Le diable a aujourd’hui la figure des mots. On le brûle tant et plus sur les fagots de la désécriture dite inclusive, c’est-à-dire celle qui exclut l’ancestrale histoire des mots au nom d’une bizarre et projective égalité sexuelle allant jusqu’à proscrire « Les droits de l’homme ».
Tel augurait Walter Benjamin dès 1933 :
« Pauvres, voilà ce que nous sommes devenus. Pièce par pièce, nous avons dispersé l’héritage de l’humanité, nous avons dû laisser ce trésor au mont – de – piété, souvent pour une centième de sa valeur, en échange de la petite monnaie de l’actuel. À la porte se tient la crise économique, derrière elle une ombre, la guerre qui s’apprête1 ».

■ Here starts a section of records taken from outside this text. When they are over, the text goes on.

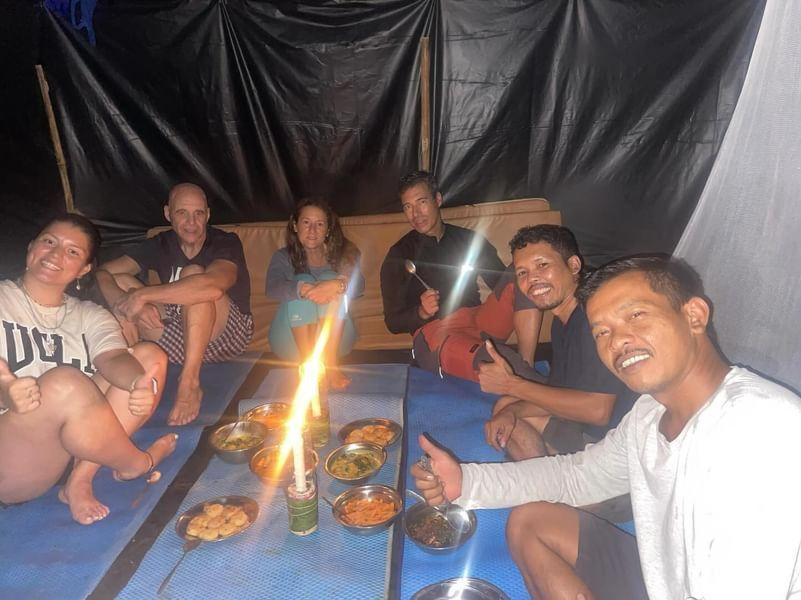 Pongo Guest House & Jungle Trekking Bukit Lawang Zewnętrze zdjęcie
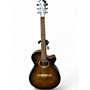 Used Ibanez aeg70 Brown Sunburst Acoustic Electric Guitar Brown Sunburst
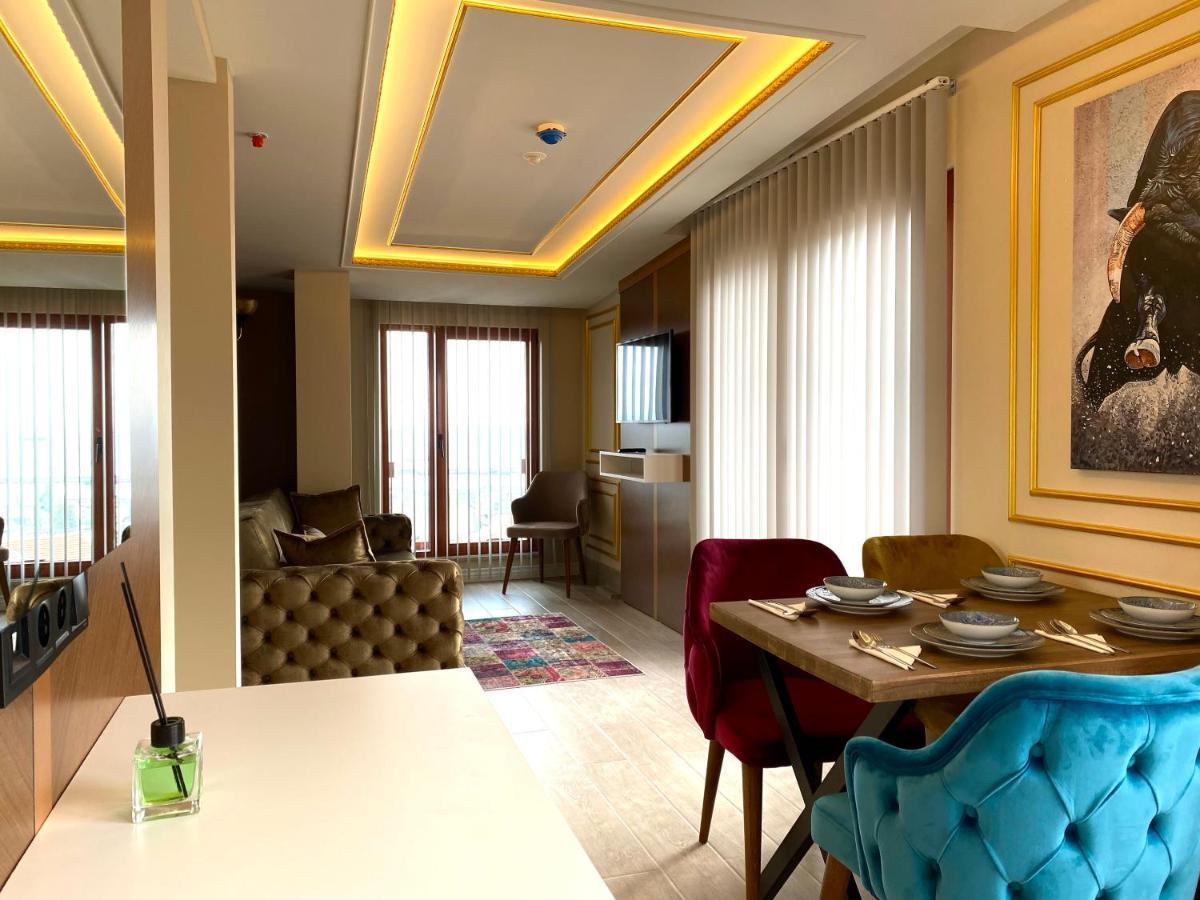 Ak Residence 이스탄불 외부 사진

Le diable a la figure du passé, de la mémoire, de l’histoire. Le diable est celui qui nomme la quincaillerie des dupes de La société du spectacle2 .
Tout individu bien-pensant étroitement lié à cette société de l’oubli, adepte de la cancel culture, se doit donc d’entasser les fagots du bûcher pour y griller le diable et définitivement écraser la tête du serpent. Un monstre séducteur pervers de toute Eve (#Metoo) ayant goûté au fruit défendu de la connaissance.

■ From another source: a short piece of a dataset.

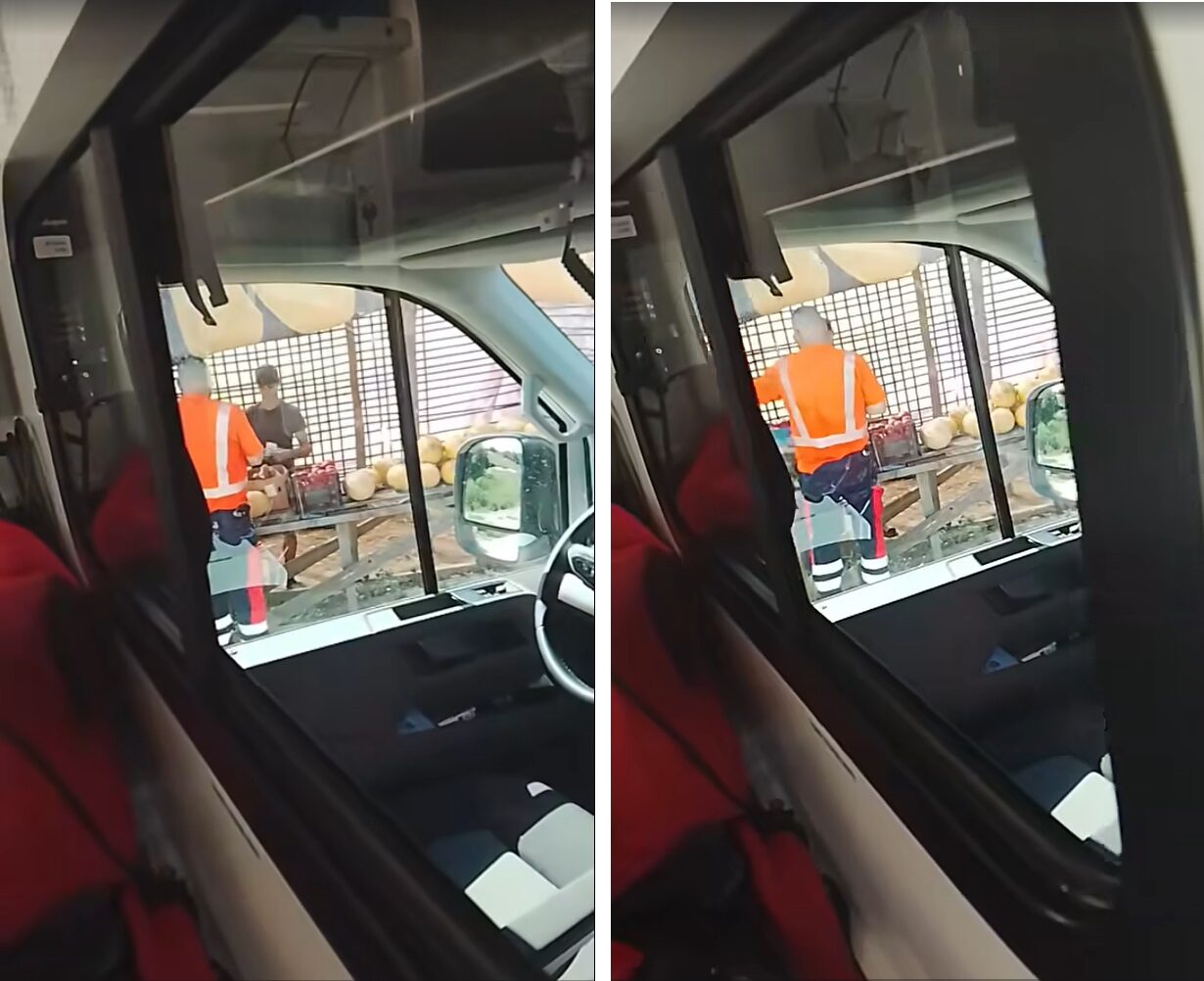Ambulanță amendată cu 7000 lei în timp ce transporta pacienți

On alimentera le feu avec du Lepen, qui brûle si bien, et on l’arrosera à coup de louche de populisme rendu bien visqueux.
Au bûcher donc, Christine Kelly, la sorcière en chef de Face à l’info, qui rend pourtant subtilement la monnaie de son discours au Serpent déguisé en Zemmour. Et peu importe les mises au point savantes de Marc Menant, Eric de Riedmatten, Dimitri Pavlenko, Régis Le Sommier peu impressionnés par le tentateur et ses rappels au relativisme historique sous-jacent au champ politique. Chaque séquence fait enseignement sans pour autant forcer l’adhésion.
Et voilà qui sans doute mérite une double peine. Rien de moins que La belle histoire de France – quel culot !— que la sorcière, telle une salamandre insensible au feu ose présenter. Le dialogue passionné et passionnant de Marc Menant et Franck Ferrand nous mène dans les recoins des non-dits sur les plus grands qui ont fait la France. C’est tout le contraire d’une apologie du pouvoir, écrite après coup pour justifier une domination politique, mais à la loupe, l’humain ses vices, ses défauts, ses échecs dont, en fin de compte, nous sommes redevables. Non pas « un passé qui ne passe pas » mais un passé dont même les échecs, les tâtonnements et les ridicules ont forgé le pays.
Trop, c’est trop. Voilà qu’on ne prend plus les téléspectateurs pour des simplets, des abstentionnistes de la pensée.
L’humain, devenu presque clandestin, résiste encore aux sirènes numériques néo-libérales du « en même temps ». MN♦

Marc Nacht, MABATIM.INFO
Psychanalyste, écrivain
1– Cité par Frédéric Pajak, in Manifeste incertain, T.I. Les Éditions noir sur blanc. Lausanne.
2– Guy Debord. Gallimard, Folio, Paris 1992.